- Aim of the exercise
From the records below, transcribe exactly the lines that begin at the line with "全章节强化子嗣，我的女儿都是极品仙师" and end at the line with "L6AS0F7 (430 *", both included.

- Material provided
************

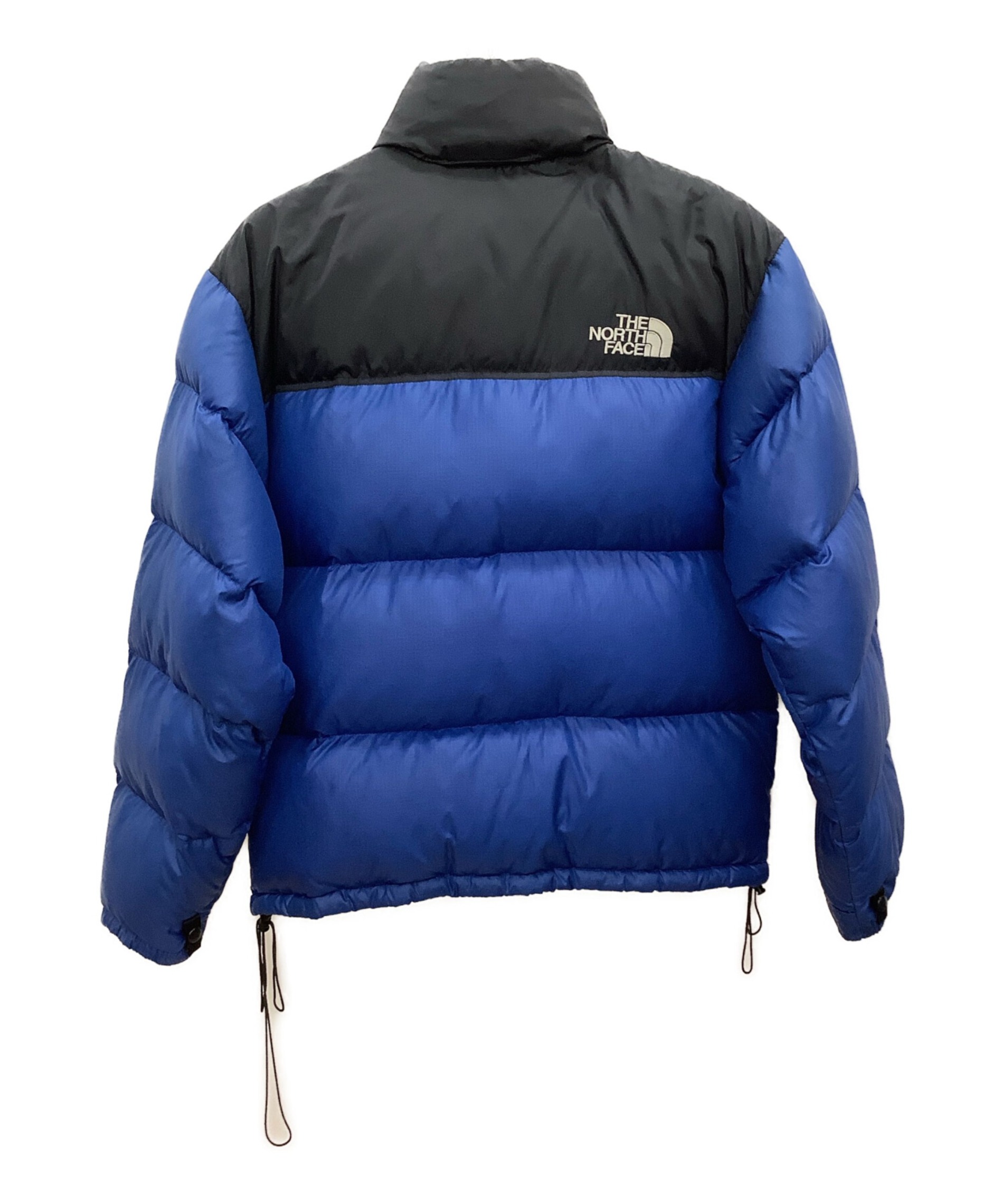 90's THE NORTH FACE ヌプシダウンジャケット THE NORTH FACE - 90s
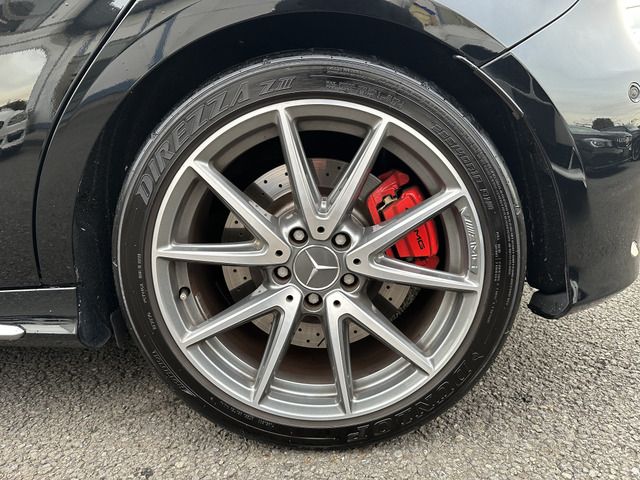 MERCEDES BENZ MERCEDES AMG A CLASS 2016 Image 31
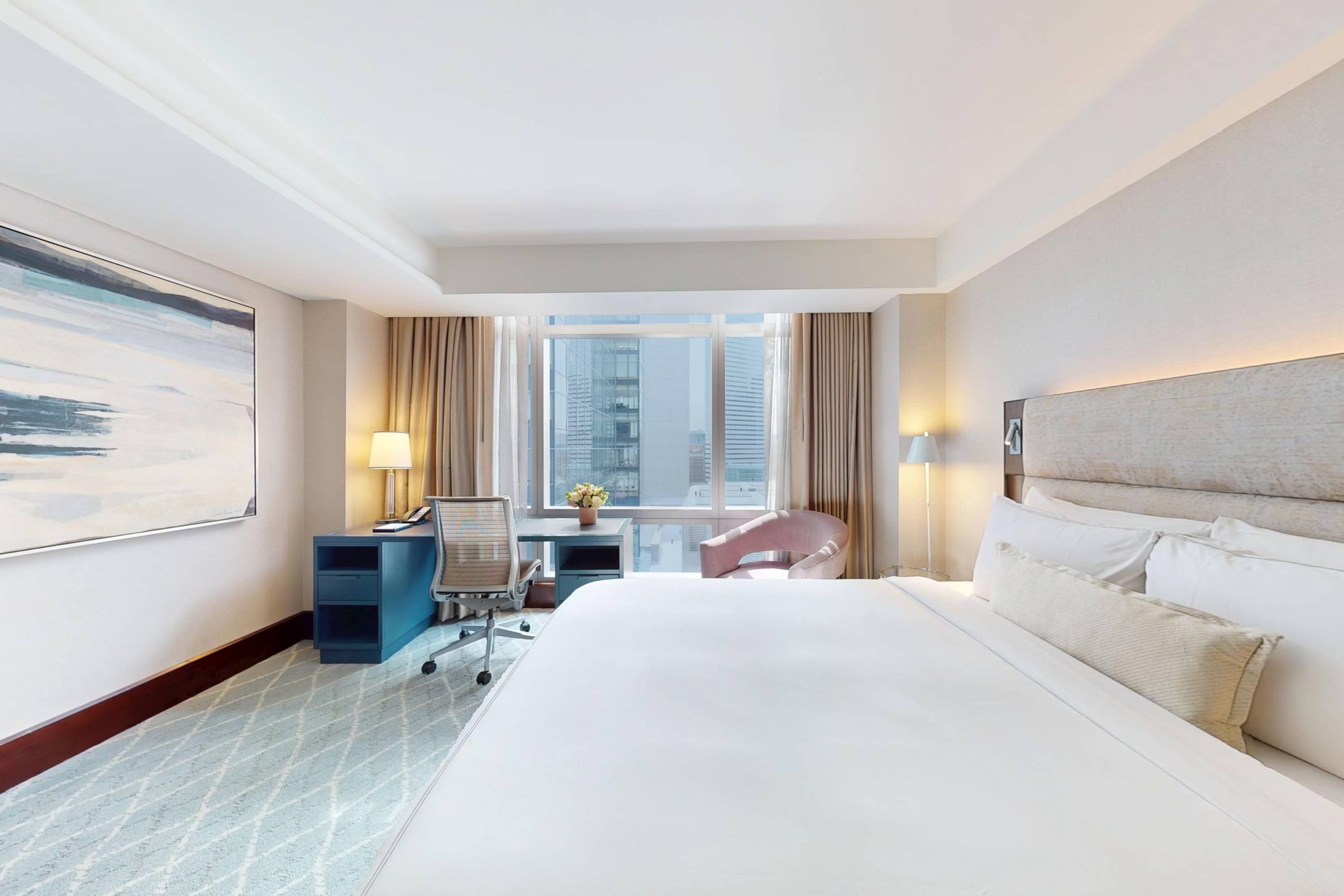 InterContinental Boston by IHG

************

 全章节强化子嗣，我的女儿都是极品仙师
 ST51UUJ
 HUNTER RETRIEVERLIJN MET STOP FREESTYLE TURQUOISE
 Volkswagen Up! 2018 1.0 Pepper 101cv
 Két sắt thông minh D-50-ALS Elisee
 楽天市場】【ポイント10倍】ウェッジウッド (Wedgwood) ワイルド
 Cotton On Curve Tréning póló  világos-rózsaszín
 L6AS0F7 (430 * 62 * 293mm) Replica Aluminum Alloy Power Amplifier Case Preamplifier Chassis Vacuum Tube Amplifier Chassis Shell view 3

************

- Written response
 全章节强化子嗣，我的女儿都是极品仙师
 ST51UUJ
 HUNTER RETRIEVERLIJN MET STOP FREESTYLE TURQUOISE
 Volkswagen Up! 2018 1.0 Pepper 101cv
 Két sắt thông minh D-50-ALS Elisee
 楽天市場】【ポイント10倍】ウェッジウッド (Wedgwood) ワイルド
 Cotton On Curve Tréning póló  világos-rózsaszín
 L6AS0F7 (430 * 62 * 293mm) Replica Aluminum Alloy Power Amplifier Case Preamplifier Chassis Vacuum Tube Amplifier Chassis Shell view 3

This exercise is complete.